O cientista que percorre milhares de quilômetros para salvar uma das águias mais misteriosas da América do Sul

José Sarasola desafiou crenças populares para proteger a águia-cinzenta, uma das das mais ameaçadas da América do Sul (Foto: ARQUIVO PESSOAL)

 

Um encontro com uma águia morta mudou a vida do cientista argentino José Sarasola.

Ele havia acabado de se formar na universidade e começava seus trabalhos de conservação ambiental na província de La Pampa, no centro do país, quando viu a ave caída perto de uma cerca.

"Era uma águia-cinzenta jovem que havia sido abatida com arma de fogo, e foi meu primeiro encontro com uma destas aves", relata.

"Ela foi propositalmente colocada ali, porque existe uma crença, não só nesta região mas também na Patagônia, e em relação a outras espécies consideradas prejudiciais para o gado, como raposas e pumas, que expor os indivíduos abatidos dessa maneira mantém outros animais longe."

O pesquisador diz que o encontro foi marcante para seu futuro na conservação ambiental.

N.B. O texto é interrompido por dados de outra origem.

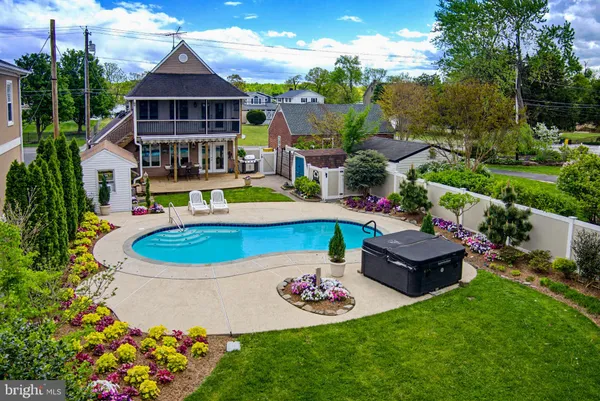 $1,100,000 | 2006 Poplar Ridge Road, Pasadena, MD 21122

Sarasola decidiu a partir dali se dedicar a proteger a água-cinzenta (Buteogallus coronatus), uma das mais ameaçadas de extinção na América do Sul.

Em sua missão de protegê-la, Sarasola desafiou crenças e percorreu milhares de quilômetros para levar sua mensagem aos povoados locais e escolas remotas.

E seu trabalho lhe rendeu neste mês um dos maiores reconhecimentos na área, o prêmio Whitney, entregue anualmente pela fundação de mesmo nome sediada na Inglaterra.

Espécie era quase desconhecida

A águia-cinzenta pode ser encontrada no Sul do Brasil, no Paraguai, na Bolívia e na Argentina, até o norte da Patagônia.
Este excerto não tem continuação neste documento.